Não eu não me sinto bem, e não sei o que posso fazer pra mudar isso. Tenho estado adiando tudo que posso, não tenho feito compromissos, tenho dormido mais do que o necessário apenas pra viver menos cada dia, e cada dia é um peso e nada mais, essa mudança é um peso e nada mais. A música minha companheira inseparável. Os únicos momentos de prazer genuíno que tenho são os breves instantes em que assisto alguma série, os BLs sendo meu único refúgio nesse mundo que eu tanto desprezo, mas até eles me afetam negativamente, criando em mim a esperança de um futuro impossível. 

Estou num fim de tarde de um feriado em que a alegria está no centro de todas as celebrações e, no entanto, tomar essa champanhe barata com clonazepan é a única coisa que eu fiz hoje, de resto me sentindo apenas morto, por dentro e por fora. O padre disse na homilia que nada deveria roubar a nossa alegria, mas é tarde demais, pensei, a minha já se foi e eu não tenho ideia de onde possa estar para que eu a recupere. E eu nem sequer sei como reagir a isso. 

quinta-feira, 23 de dezembro de 2021

Ao outro

Ele nem ao menos sonha ser objeto de tanta contemplação minha, não imagina que as minhas tentativas tolas de interação são, na realidade, tentativas de preencher com sua figura o espaço que se abriu no meu peito e que se identifica pelo seu nome. 

Desde que o vi algo se acendeu em mim, não uma paixão baixa, não fruto de desejos feios e abjetos, mas um sentimento de pura contemplação, ele se tornou objeto não de desejo mas sim de um afeto simples e puro. Desde que o vi muito do meu tempo foi dedicado a segui-lo com os olhos, a tentar aprender mais sobre ele, a conservar na memória aquela imagem que, tão logo ele se fora, se esvaíra dos meus sentidos. Por isso meus olhos o seguem e meus lábios imitam palavras que tentam despertar nele o mínimo de curiosidade, que ele perceba a minha existência, como a existência dele se tornou o eixo ao redor do qual eu giro, desde que o conheci. 
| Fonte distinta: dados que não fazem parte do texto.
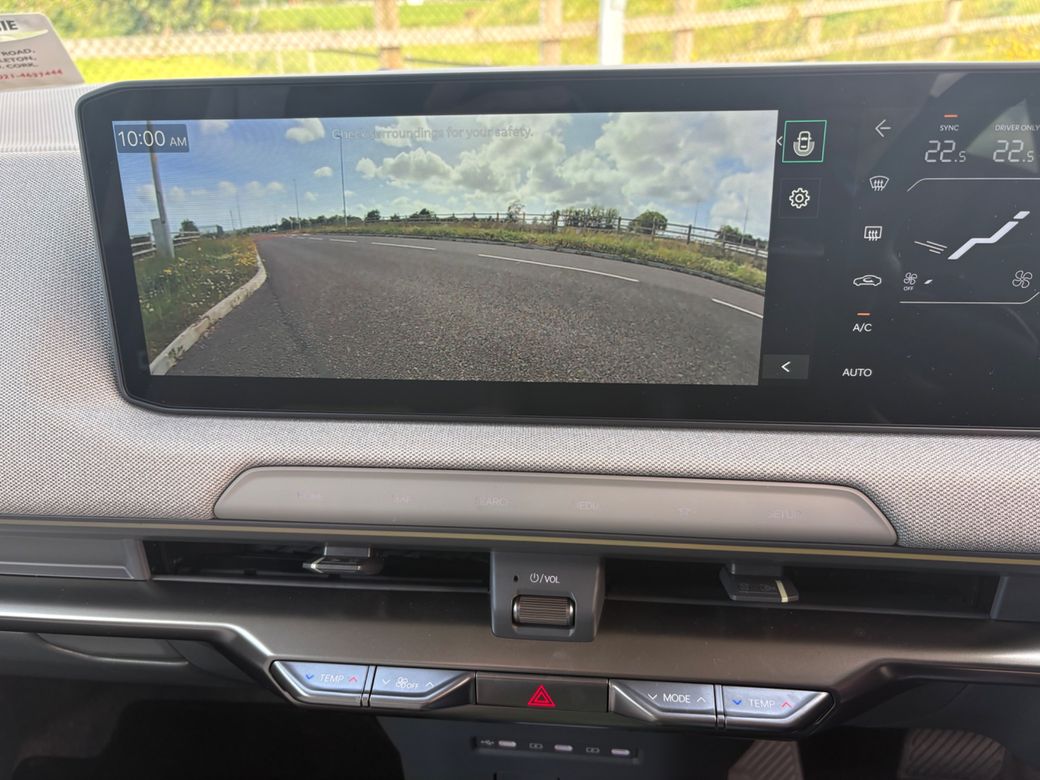 2026 Kia EV2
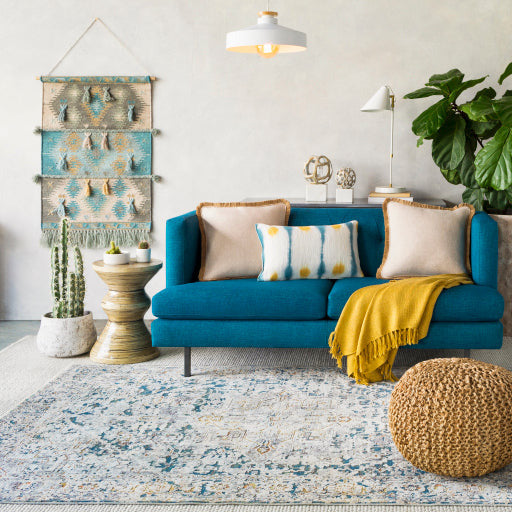 Presidential Rug - PDT2300 - Pale Blue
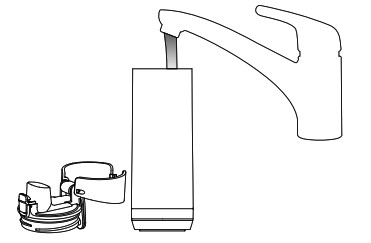 HidrateSpark Pro World's Smartest Water Bottle - CLEANING INSTRUCTIONS 1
Queria ter ido naquele dia, como combinamos, mas eu não consegui sair da cama, e me dopei e passei o resto do dia dormindo, mas nos meus sonhos lá estava ele, altivo, nobre, pacífico, e completamente indiferente a minha existência. 

Mesmo com um sorriso irônico levemente esboçado no meu rosto eu ainda penso nele, sabendo que em nada conseguiria toca-lo, que nada minha existência significa para ele, sendo minha admiração um sentimento de mão única, no entanto, sendo a mais alta admiração que se pode ter por alguém, mesmo um alguém quase estranho, alguém que se viu umas poucas vezes, alguém que só trocou comigo uma meia dúzia de palavras, mas que despertou no meu interior mais do que dezenas de dias convividos com tantos outros. 

X

Ou será efeito apenas da minha carência afetiva que encontrei nele outro objeto de desejo, outro objetivo a ser atingido simplesmente porque já não tinha em meu coração a quem admirar e me sentia sozinho e vazio por isso?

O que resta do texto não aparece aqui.